Seguindo cartilha bolsonarista, deputado incita conflitos no território para enfraquecer luta pela titulação

Lissa de Paula/Ales

A Coordenação Nacional de Articulação das Comunidades Negras Rurais Quilombolas (Conaq) e a Coordenação Estadual das Comunidades Quilombolas do Espírito Santo Zacimba Gaba publicaram nota de esclarecimento em que repudiam o apoio do deputado estadual Torino Marques (PTB) a um grupo de pessoas que reivindicam títulos de propriedades dentro do Território Quilombola Tradicional do Sapê do Norte, localizado nos municípios de São Mateus e Conceição da Barra.

O estopim para o comunicado ocorreu durante a sessão ordinária dessa segunda-feira (4) da Assembleia Legislativa, em que o agora petebista (eleito pelo PSL, também ex-partido de Jair Bolsonaro) convidou uma liderança dos posseiros para reivindicar, na Tribuna Livre, terras dentro do Sapê do Norte. 

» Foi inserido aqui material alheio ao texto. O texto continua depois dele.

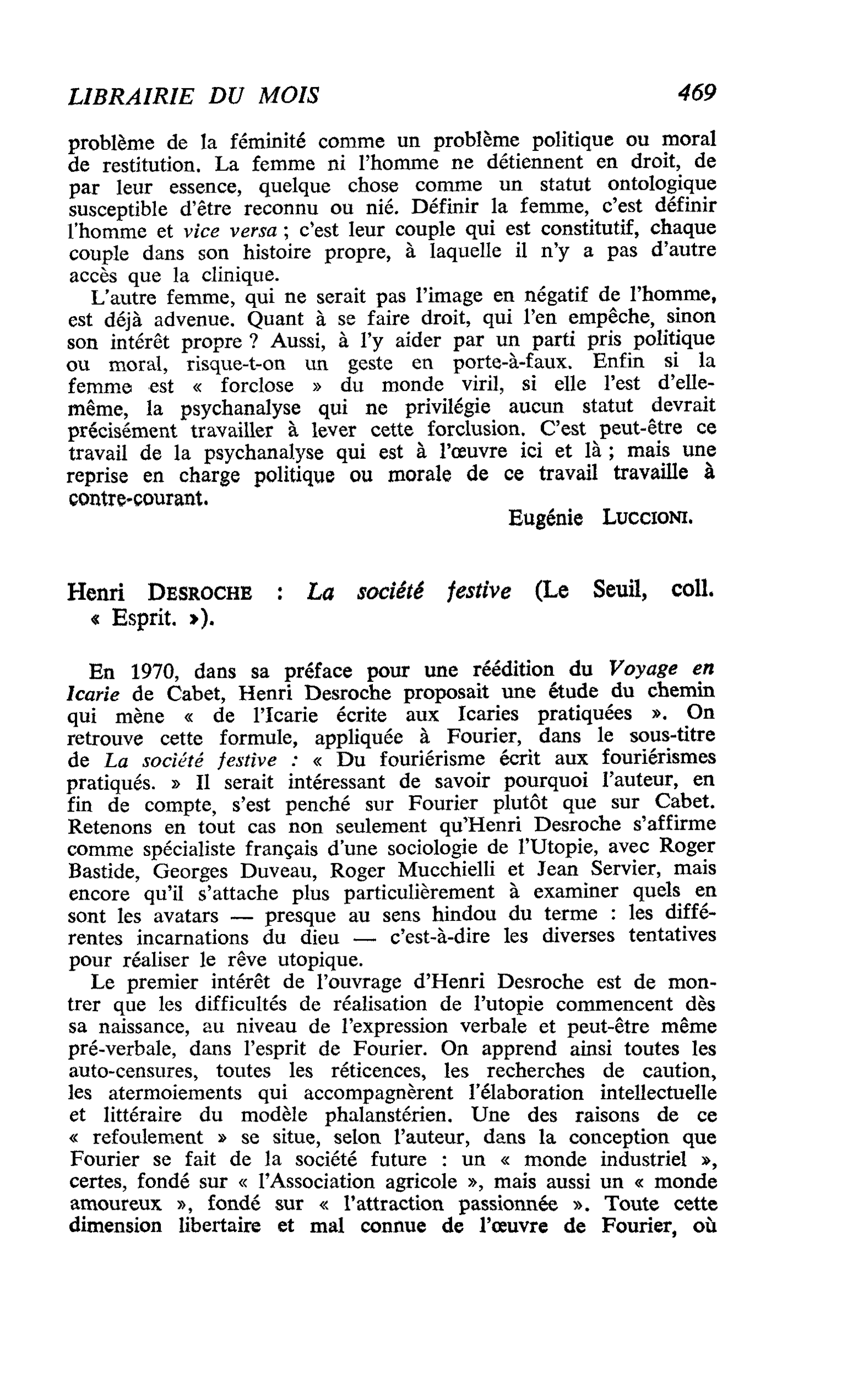 Henri Desroche : La société festive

“Samuel Gentil Muniz Batista, que se diz presidente da Associação de Produtores Rurais e Artesãos do ES, não representa o Movimento Quilombola no norte do ES”, afirmam a Conaq e a Zacimba Gaba. Tampouco, prosseguem, “tem legitimidade para falar sobre a temática apresentada pelo deputado Torino Marques”, afirmam, referindo-se à decisão da Justiça Federal de declarar nulos os títulos de terra entregues à Fibria (atual Suzano Papel e Celulose e ex-Aracruz Celulose).

A sentença foi deferida em outubro passado no âmbito de uma ação civil pública impetrada pelo MPF em 2013 (processos 000693-61.2013.4.02.5003 e 0104134-87.2015.02.5003), com base na Comissão Parlamentar de Inquérito (CPI) da Aracruz, realizada em 2002 pela Assembleia Legislativa. Apesar de não concluída, a investigação reuniu comprovações de que as terras foram obtidas pela multinacional papeleira por meio de processos de grilagem. Torino Marques já havia levantado esse assunto há um ano, quando a ação ainda não havia obtido decisão em primeira instância. 

“Essas pessoas se intitulam pequenos agricultores, cuja única intenção é fragmentar todo o território quilombola e vender a posse de lotes, como já ocorrido algumas vezes, tanto que há várias ações de reintegração de posse ajuizada pela empresa Fibria, atual Suzano, conforme se comprova através de um simples consulta no site da Justiça Federal do Espírito”, pontuam a Conaq e a Zacimba Gaba.

AQPOA

As entidades denunciam ainda que “a invasão [das comunidades quilombolas do Sapê do Norte] por pessoas físicas está se tornando insustentável, avançam a cada dia mais para os territórios de Angelim I, Angelim II, Linharinho, São Domingos e São Jorge, todas comunidades que estão com procedimentos administrativos abertos no Incra/ES [Instituto Nacional de Colonização e Reforma Agrária, que tem a atribuição de titular territórios quilombolas no Brasil]”.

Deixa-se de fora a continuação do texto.